Hal-hal yang Perlu Dicatat Jika Ingin Pernikahan Bahagia

Berdasarkan prinsip-prinsip pernikahan di atas oleh Bu Nyai Yulianti kembali menegaskan dan meringkas antara lain taaruf, khitbah, perjanjian pernikahan, taqlid talak dan akad.

Ainul Luthfia Al Firda by Ainul Luthfia Al Firda
21 April 2021
in Keluarga
A A
0
Pernikahan

Pernikahan

5
SHARES
229
VIEWS
Share on FacebookShare on TwitterShare on Whatsapp

Mubadalah.id – Mengutip perkataan Kiai Faqih dalam pembukaan ngaji Manba’ussa’adah menjelaskan bahwa pernikahan menjadi bagian dari kebahagian dan oleh sebab itu sebagi insan kita wajib mempersiapkannya sebaik mungkin. Pada pertemuan ke empat ini kajian Manba’ussa’adah menjelaskan secara eksplisit tentang bekal serta persiapan pernikahan.

Pernikahan perlu diartikan sebagai media kebahagiaan yang bernilai pahala jika dilakukan dengan kerelaan antar pasangan.
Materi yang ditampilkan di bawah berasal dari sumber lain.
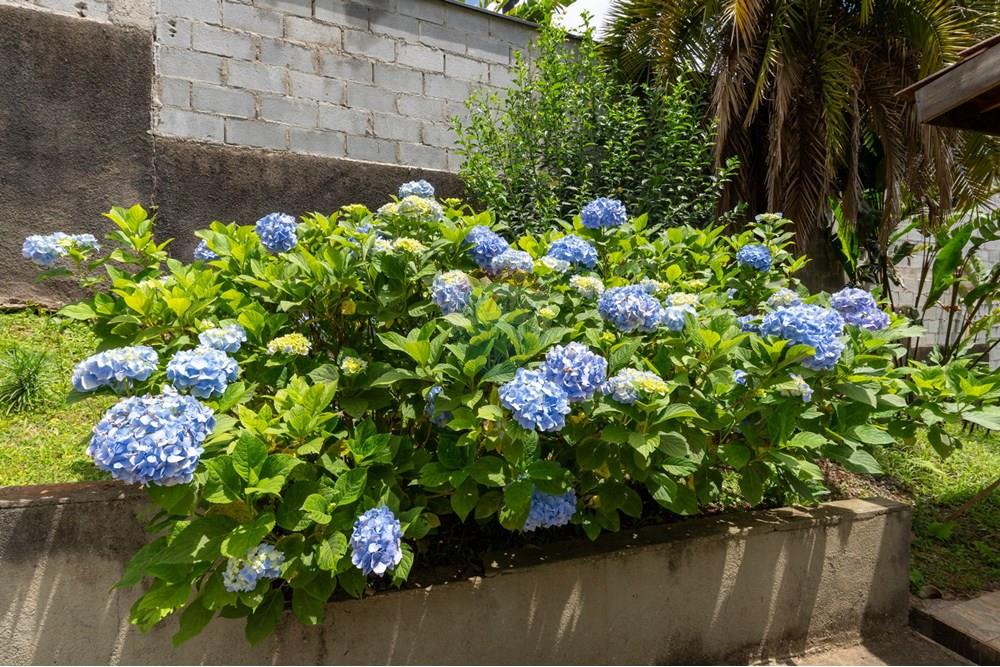 Casa de Condomínio - Venda - Itapecerica da Serra , São Paulo - 01fotos_058.jpg - Quintal - 601331003-36
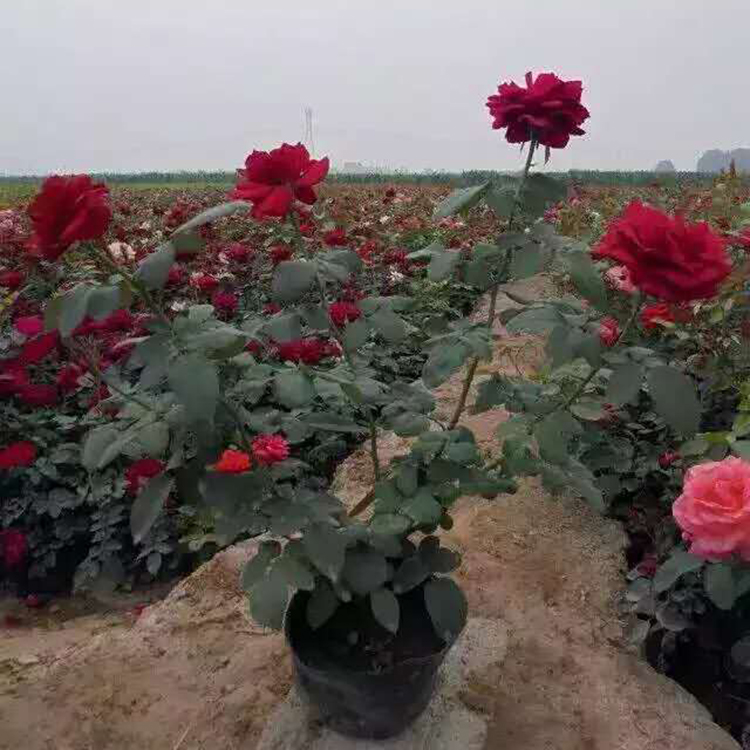 院前种植大花月季 大朵花 大花月季基地种植 亦扬花卉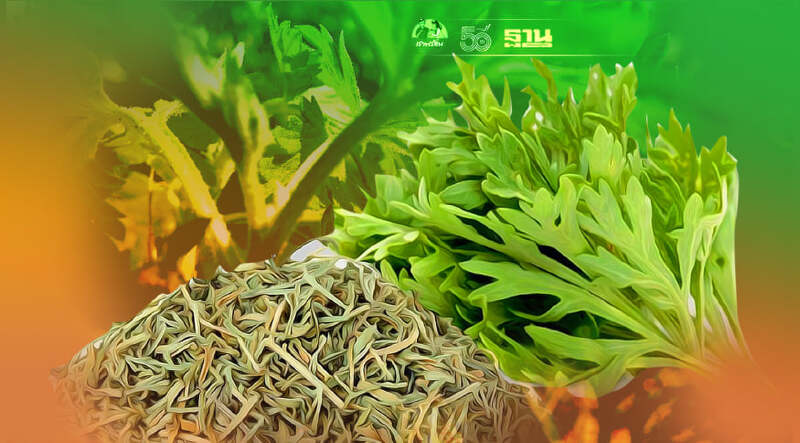 รู้จัก "โกฐจุฬาลัมภา" สมุนไพรยับยั้งโควิด -19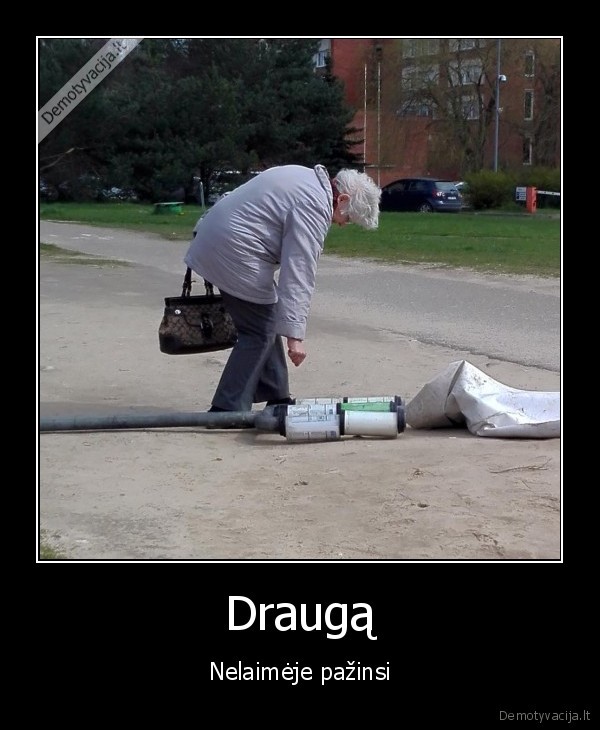 draugas,stotele,tvarkarasciai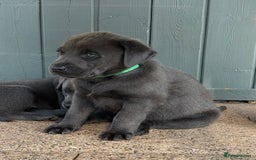 Labrador Retriever dogs for sale: Beautiful Silver & Charcoal KC Labs - Image 15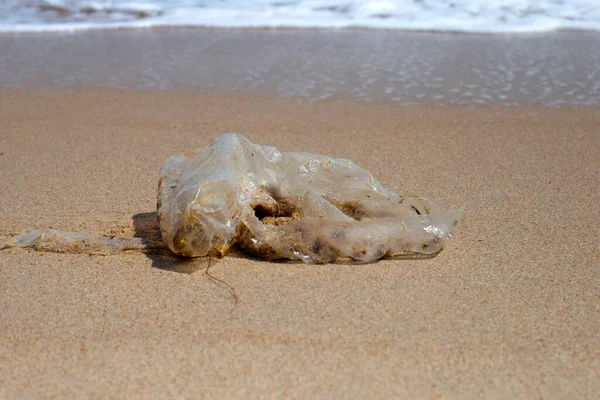 Plastic Bag Pollution Beach — Φωτογραφία Αρχείου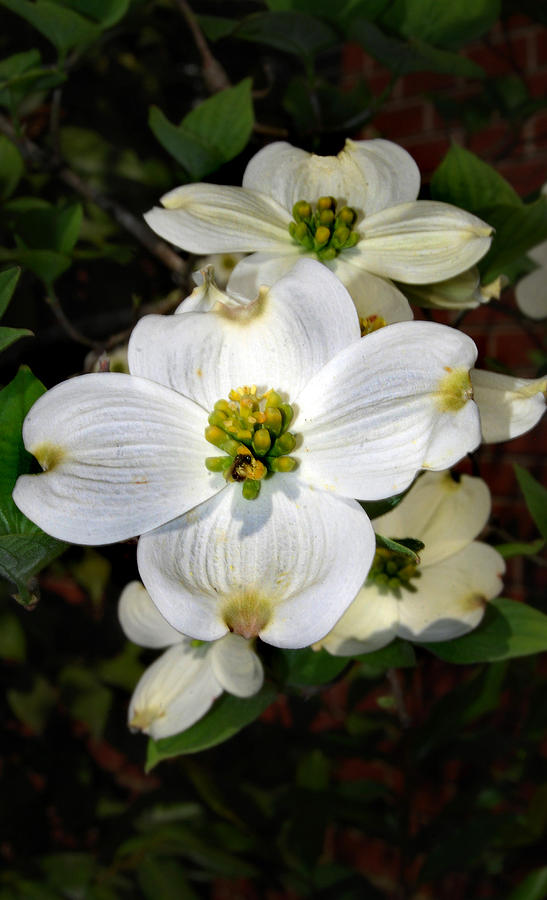 Flower Photograph - Dogwood by Skip Willits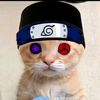 pp_kucing_ramahdhan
Bu Nyai Yulianti menegaskan bahwasanya dalam pernikahan bukanlah praktik transaksi antara tiga laki-laki di meja akad. Perspektif beliau ini mencoba menegaskan bahwa wacana pernikahan itu harus menghadirkan ridho bi ridho antara perempuan, laki-laki dan keluarga kedua mempelai.

Di dalam kitab Manba’ussa’adah membagi prinsip pernikahan menjadi 5 poin, adapun point pertama menjelaskan bahwa pernikahan harus bermuara pada kemaslahatan. Hal ini terkandung dalam Quran Surah An-Nur ayat 32- 33 tentang perintah untuk menikahkan pemuda-pemudi yang masih bujang, namun dalam ayat ini juga menegaskan jika belum mampu untuk menikah dianjurkan untuk menjaga kesuciannya hingga ia mampu.

Kedua, pernikahan seperti dua mata sisi uang. Dalam kitab ini Kiai Faqih juga mewanti-wanti bahwa pernikahan bisa jadi maslahah bisa juga menimbulkan mafsadat. Oleh sebab itu perlu digaris bawahi perlakuan dalam pernikahan haruslah maslahah contohnya kesenangan hasrat biologis yang dilakukan dengan ma’ruf yaitu ridho dan iklhas.

Pada point ini tentang hubungan seksual itu seperti halnya makanan dimana semua makhluk itu membutuhkannya. Oleh sebab itu dalam berhubungan biologis atau hubungan seksual harus dilakukan dengan makruf yakni ikhlas dan ridho. Adapun pernikahan juga dapat menimbulkan mafsadat yang apabila pernikahan ini dilandaskan atas kontrol tubuh pasangan, mendzolimi pasangan, eksploitasi pasangan dan membatasi ruang gerak pasangan secara tidak wajar.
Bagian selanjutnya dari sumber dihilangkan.